Problem to work on
What you write must be the lines from the one holding "Vintage OMC SysteMatched" through the final line of the records below, reproduced exactly, minus the pictures.

Short descriptive text snippets
* * *
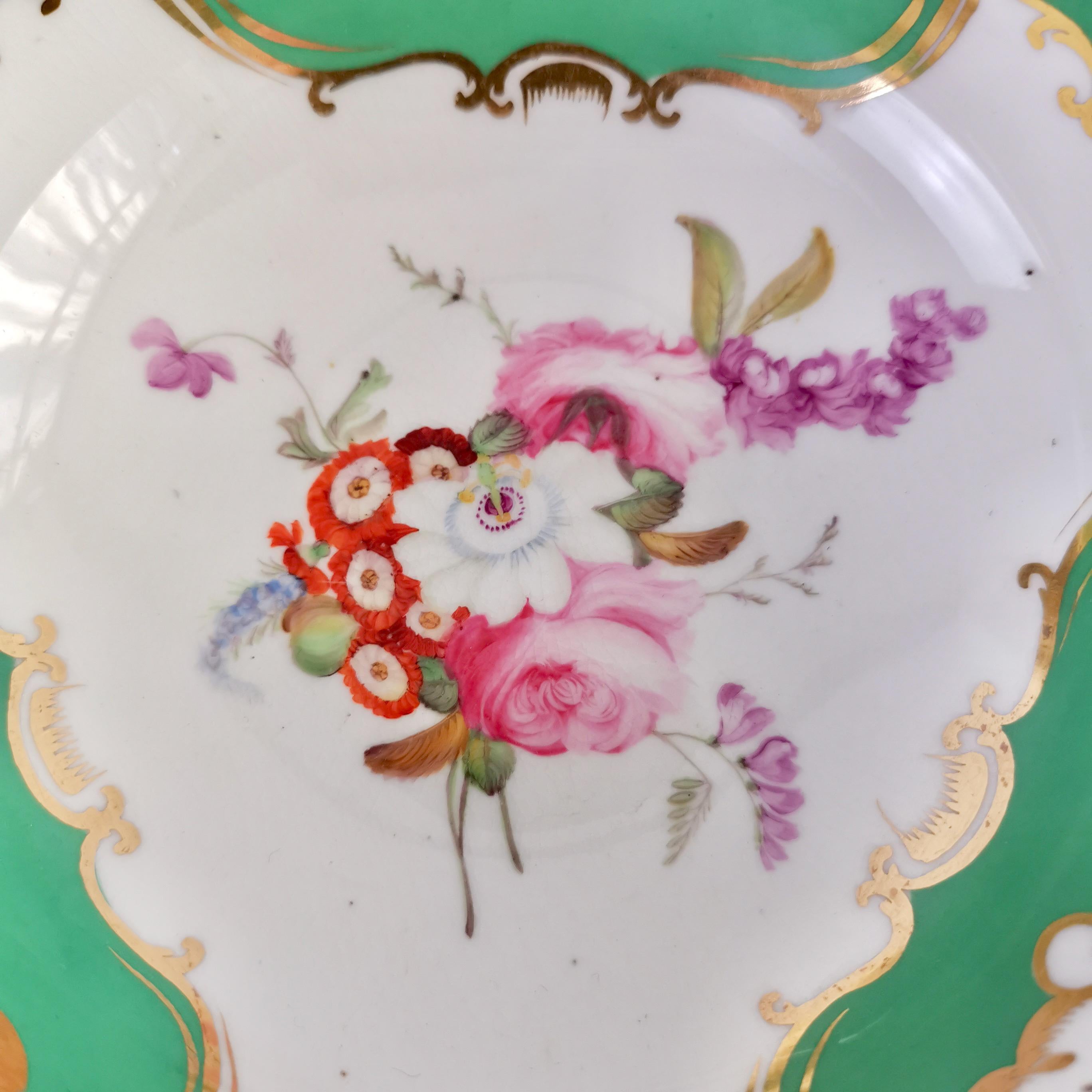Coalport Porcelain Slop Bowl, Green with Flowers, Regency, circa 1826 In Good Condition In London, GB
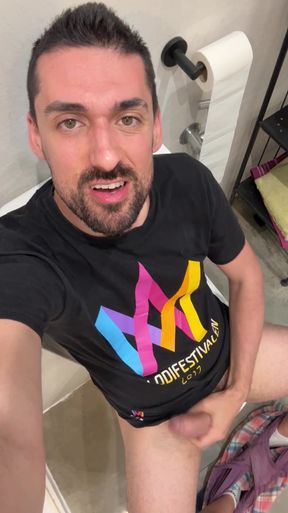 bi guy jerks off in public bathroom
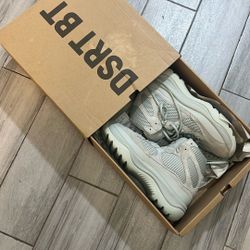 Yeezy DSRT Boot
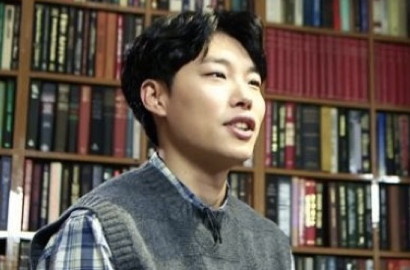 Tahu Bikinnya Sulit, Ryu Jun Yeol 'Reply 1988' Terharu Diberi Fan Art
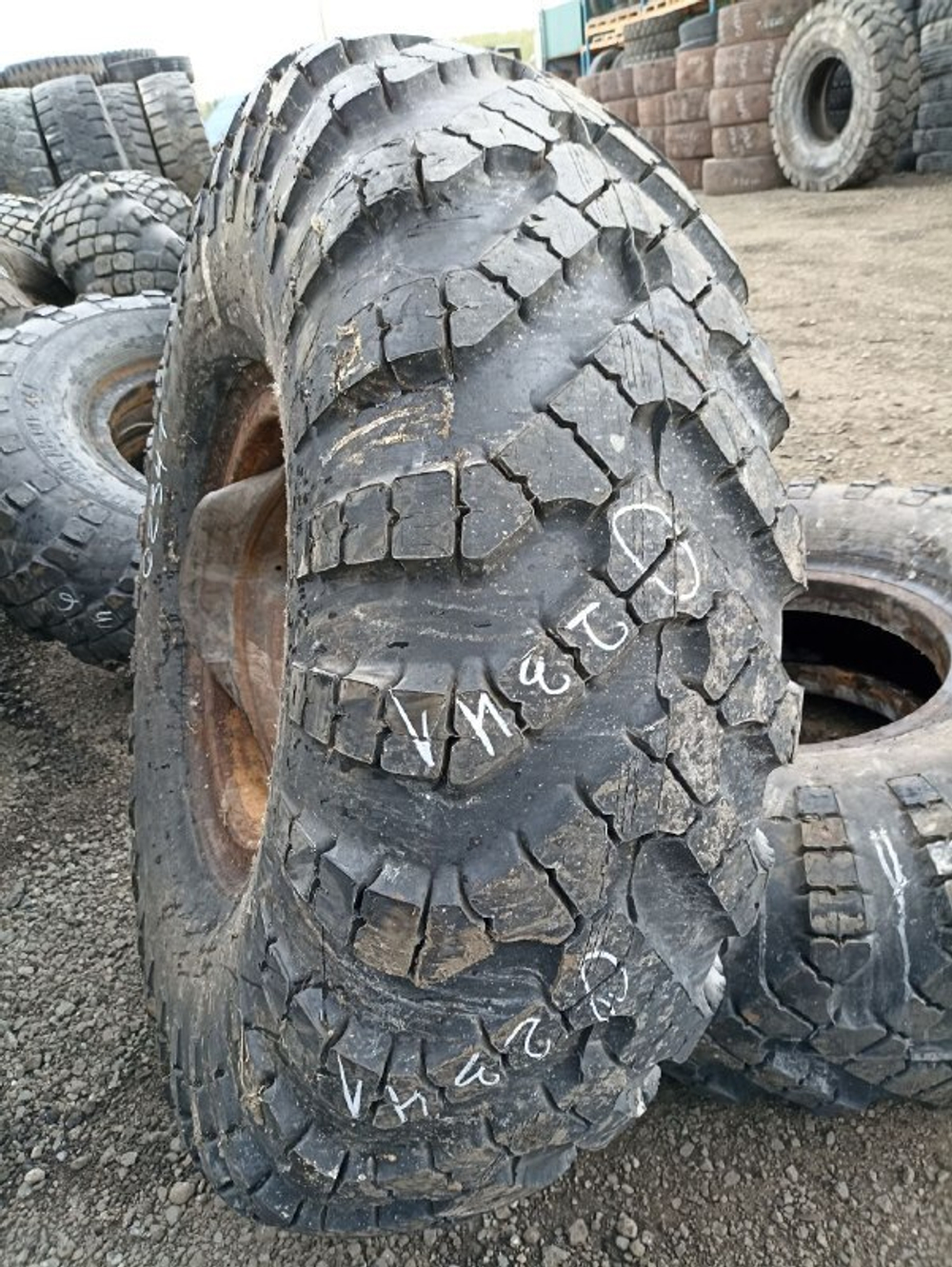 18.00-24 (500-610) Ураган И-170 шина б/у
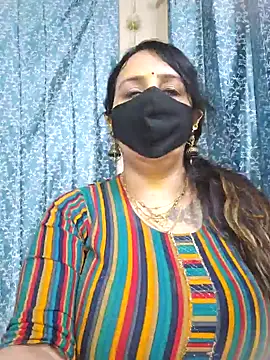 Snapshot of cute-tanvi chatting on January 20, 2025, 1:32 pm cute-tanvi online show from January 20, 2025, 1:32 pm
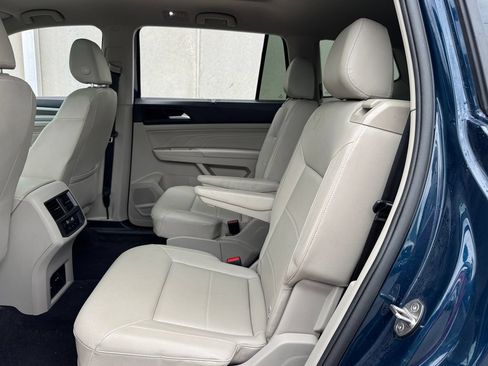 Used 2023 Volkswagen Atlas SEL AWD/4WD image 29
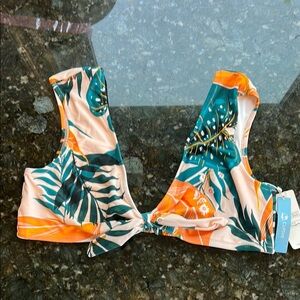 NWT CupShe tie front floral tropical bikini top. Lined but not padded. XXL.
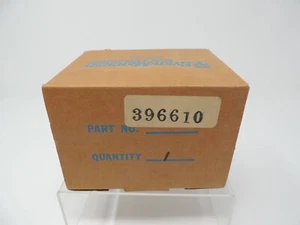 Vintage OMC SysteMatched Crankcase Head and Seal Kit #396610 / #337084 - Picture 1 of 2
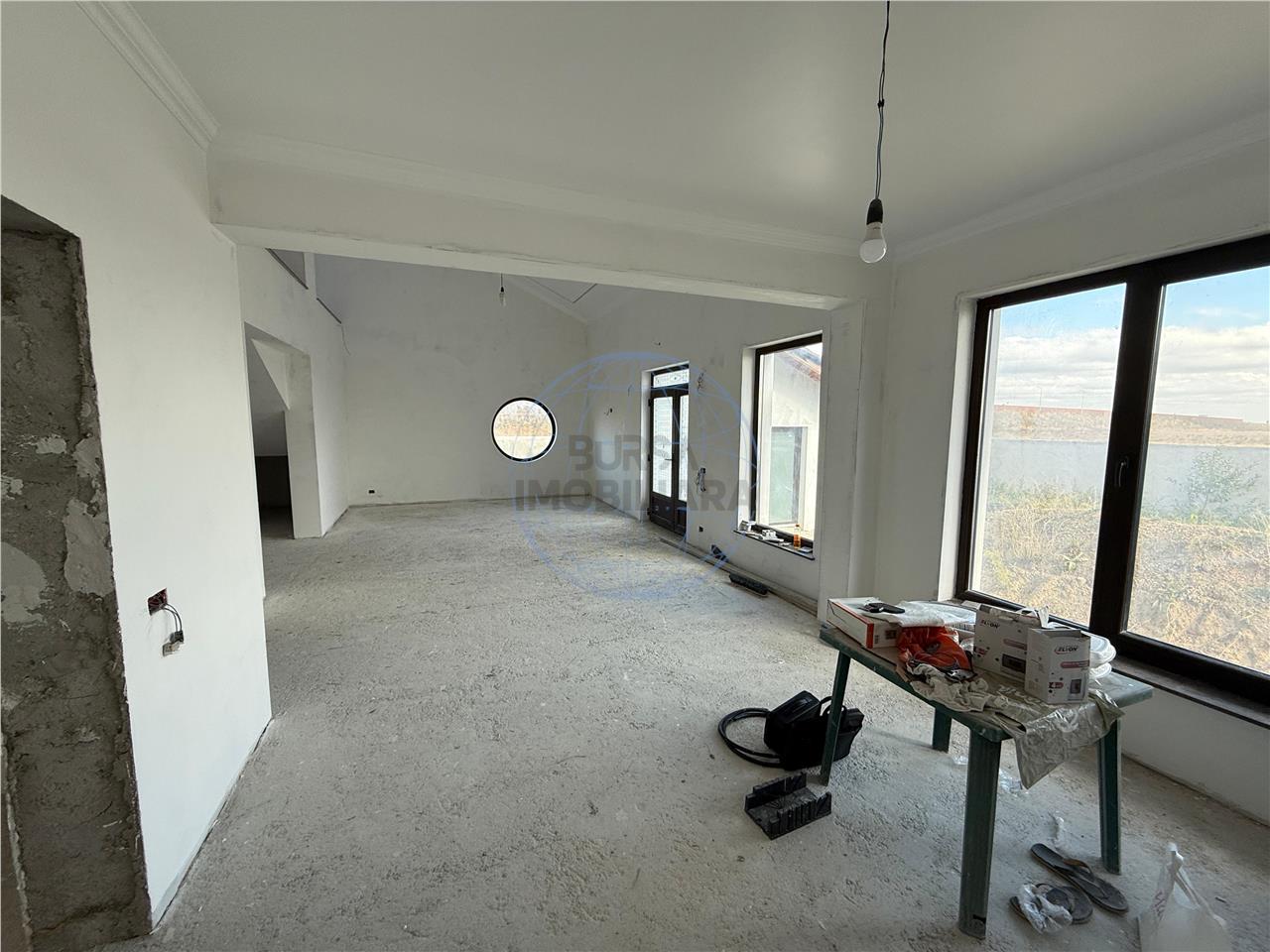 CASA P+E LA STADIU DE FINISAJE,  STR. CUZA VODA,  ZONA PETRESTI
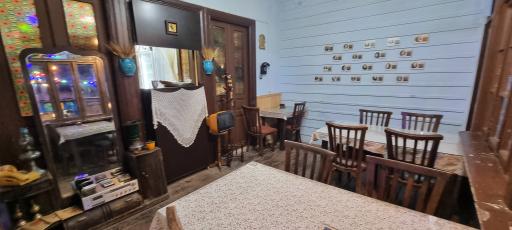 عکس کافه رستوران سنتی خونه آقا بزرگ شهرداری رشت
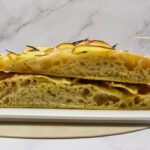 Focaccia met aardappel en rozemarijn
* * *
Solution for this task
 Vintage OMC SysteMatched Crankcase Head and Seal Kit #396610 / #337084 - Picture 1 of 2
 CASA P+E LA STADIU DE FINISAJE,  STR. CUZA VODA,  ZONA PETRESTI
 عکس کافه رستوران سنتی خونه آقا بزرگ شهرداری رشت
 Focaccia met aardappel en rozemarijn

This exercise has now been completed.